Chapnews – Ekonomi – PT Indonesia Infrastructure Finance (IIF) menorehkan catatan kinerja yang kontras namun penuh optimisme sepanjang semester I-2026. Meskipun laba bersih perusahaan tercatat sebesar Rp38,2 miliar, mengalami penurunan dibandingkan periode yang sama tahun sebelumnya, IIF justru menunjukkan ekspansi bisnis pembiayaan dan layanan advisory yang signifikan, melampaui ekspektasi.
Dalam enam bulan pertama tahun 2026, IIF sukses mengamankan enam komitmen pembiayaan dan investasi baru dengan total nilai fantastis mencapai Rp2,5 triliun. Angka ini jauh melampaui capaian sepanjang tahun 2025 yang hanya sebesar Rp799 miliar. Komitmen-komitmen baru tersebut menjangkau sektor-sektor vital, meliputi kesehatan, pelabuhan, telekomunikasi & data, serta energi terbarukan, menunjukkan diversifikasi portofolio yang strategis.

Tak hanya itu, lini layanan advisory IIF juga menunjukkan pertumbuhan impresif. Perusahaan berhasil meraih sembilan mandat baru dengan nilai kontrak total Rp19,0 miliar, melonjak tiga kali lipat dibandingkan tahun 2025. Salah satu mandat utama yang diemban IIF adalah keterlibatan dalam program Waste-to-Energy (WTE) atau Pengolahan Sampah menjadi Energi Listrik (PSEL). Ini merupakan bagian dari upaya pemerintah untuk mempercepat pengelolaan sampah terpadu di perkotaan, di mana IIF berperan aktif dalam memberikan solusi pembiayaan dan konsultasi.
Pendapatan operasional pada paruh pertama 2026 tercatat di angka Rp542,7 miliar, sedikit menurun dari Rp653,9 miliar pada periode yang sama tahun 2025. Penurunan ini utamanya disebabkan oleh lebih rendahnya pendapatan bunga investasi menyusul adanya pelunasan dipercepat oleh nasabah pada kuartal I 2026. Faktor serupa, ditambah dengan kebijakan pencadangan yang lebih konservatif, turut memengaruhi laba bersih yang tercatat Rp38,2 miliar, dibandingkan Rp85,3 miliar pada semester I tahun lalu.
Namun, di sisi lain, pendapatan non-bunga IIF justru tumbuh solid sebesar 54,8% secara tahunan (year-on-year) menjadi Rp43,0 miliar.
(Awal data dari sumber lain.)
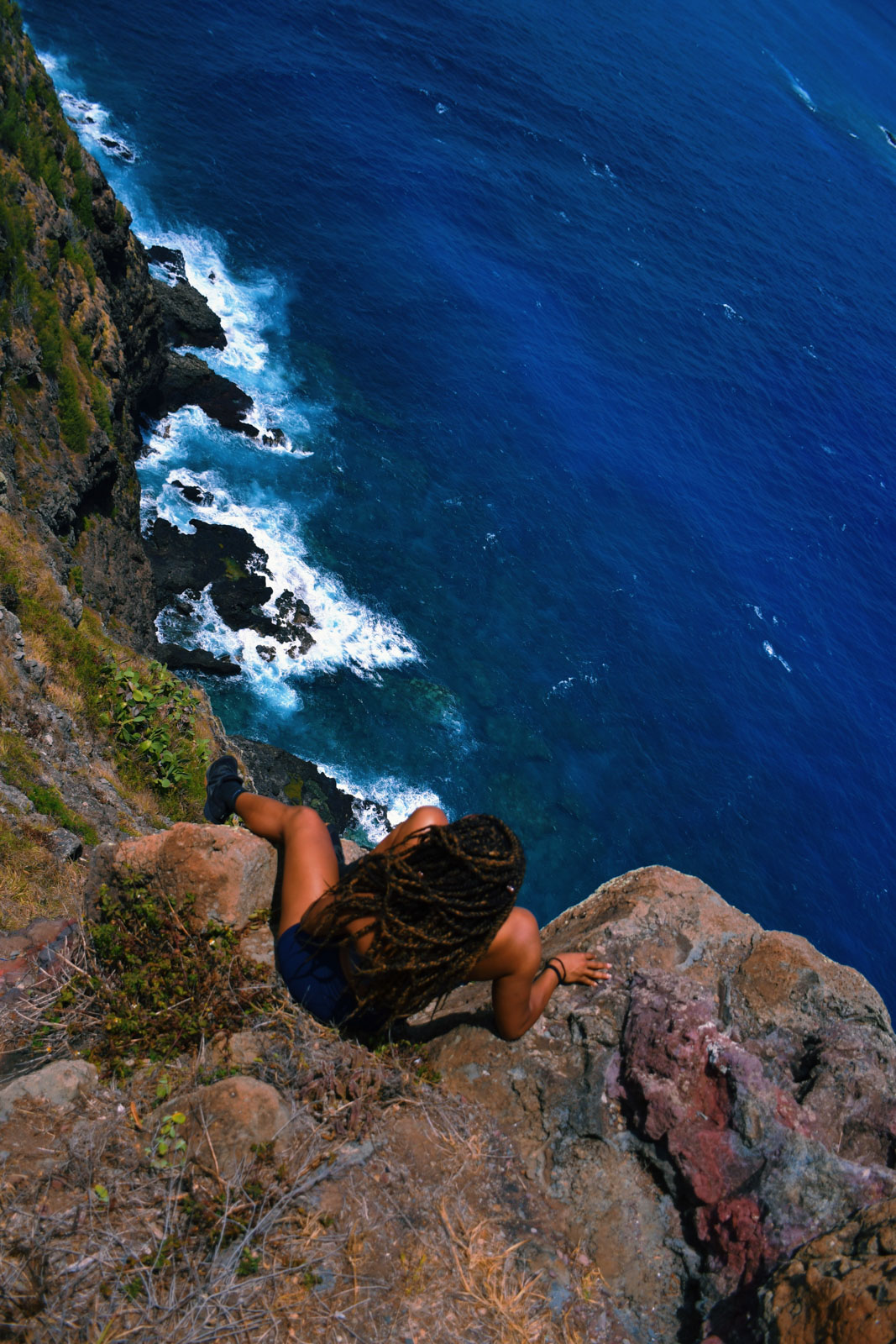 A girl sitting on the edge of a mountain overlooking the ocean in Hawaii. She is wearing sneakers, an item necessary in an adventure travel packing list.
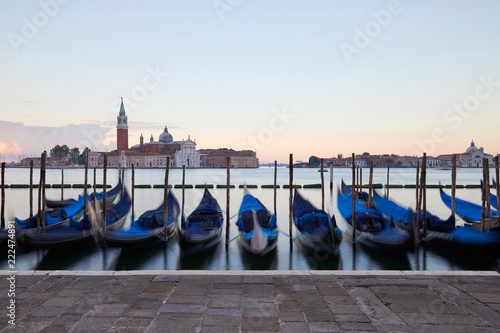 Gondolas movements and canal in Venice before sunset, Italy © andersphoto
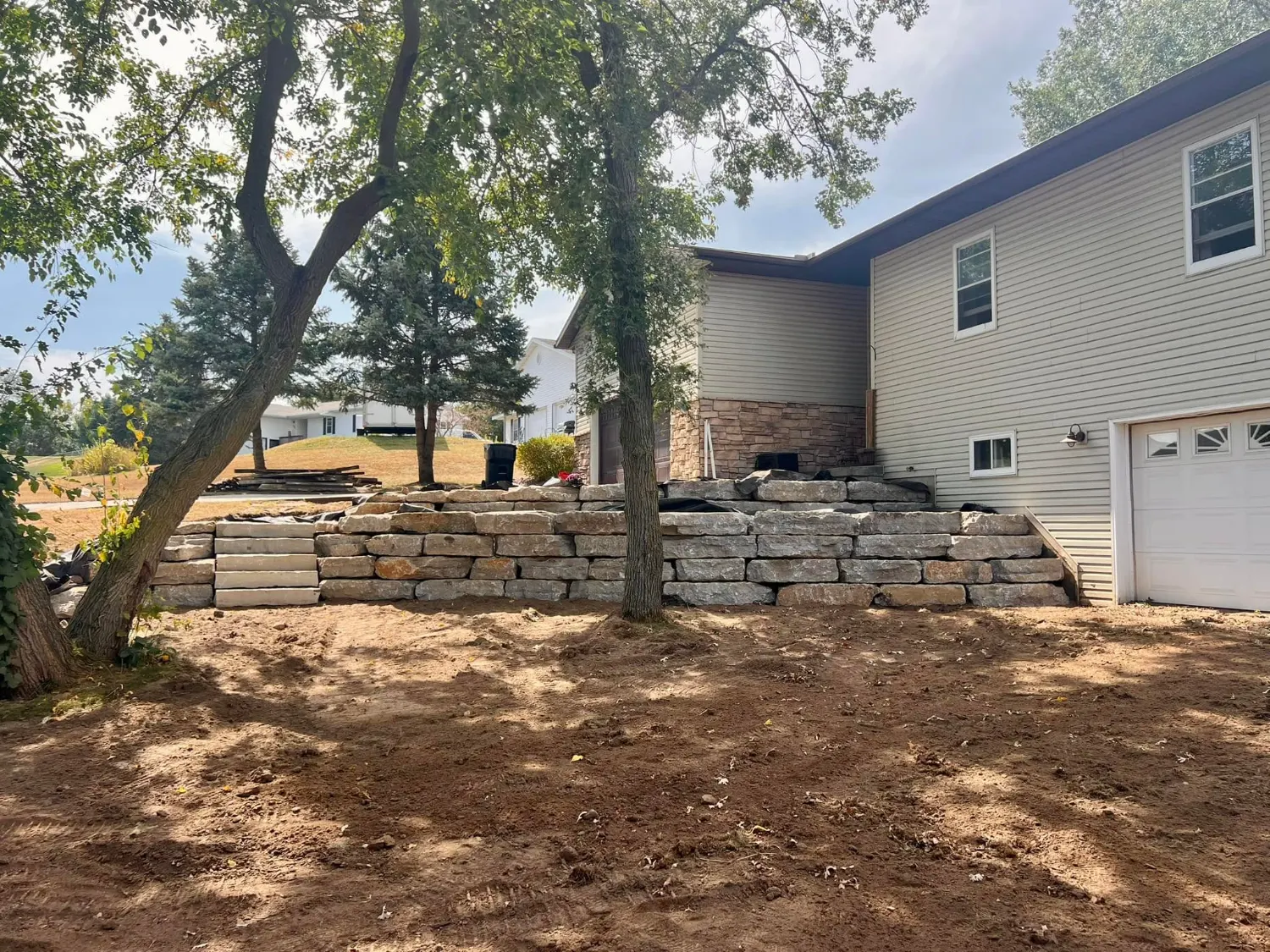 The finished limestone outcropping wall holding the grade beside the garage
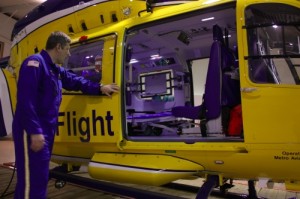 A Life Flight pilot inspects his aircraft during a lull.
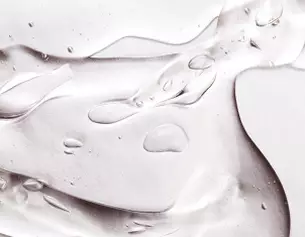 Close-up of smooth gel texture with light reflections and water droplets on a metallic surface.
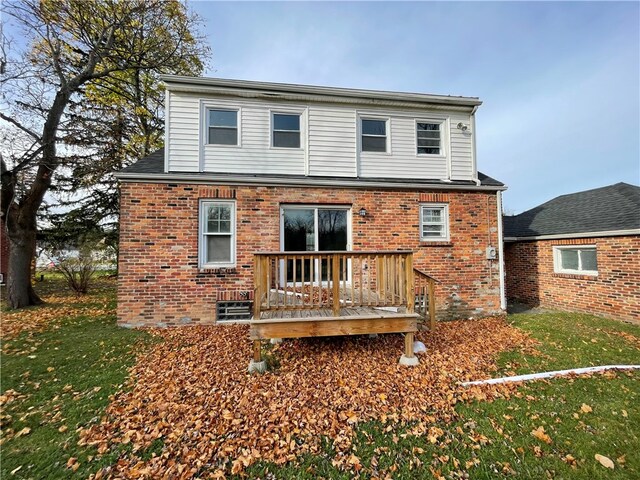 back of house with a deck and a lawn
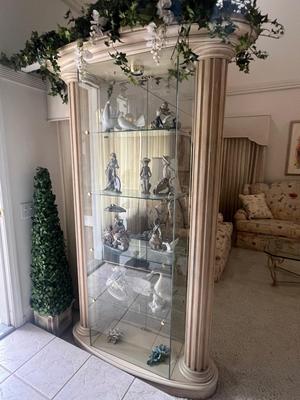 Sale Photo Thumbnail #17: Center Glass display area is rectangular, viewable from front and back.  Glass shelves, tap contains lights.  Great condition, measures approx. 80" tall, 40" wide and 16" deep. Pickup will be arranged from very local home in Brea. Pictured Figurines not i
Kenaikan ini didorong oleh kinerja positif dari bisnis pembiayaan dan investasi, layanan advisory, serta treasury. Pendapatan bunga treasury juga menunjukkan pertumbuhan yang sehat, naik 17,5% secara tahunan.
Kondisi keuangan IIF tetap kokoh dengan Rasio Kecukupan Modal (CAR) yang tercatat 56,79%, jauh melampaui ketentuan minimum regulator. Ini menyediakan ruang gerak yang leluasa bagi IIF untuk terus berekspansi dalam bisnis pembiayaan dan investasi. Kualitas aset perusahaan juga terjaga dengan baik, ditunjukkan oleh rasio cakupan kerugian pinjaman yang berada di atas 100% dan rasio NPF bersih yang membaik menjadi 3,49% dari 3,61%.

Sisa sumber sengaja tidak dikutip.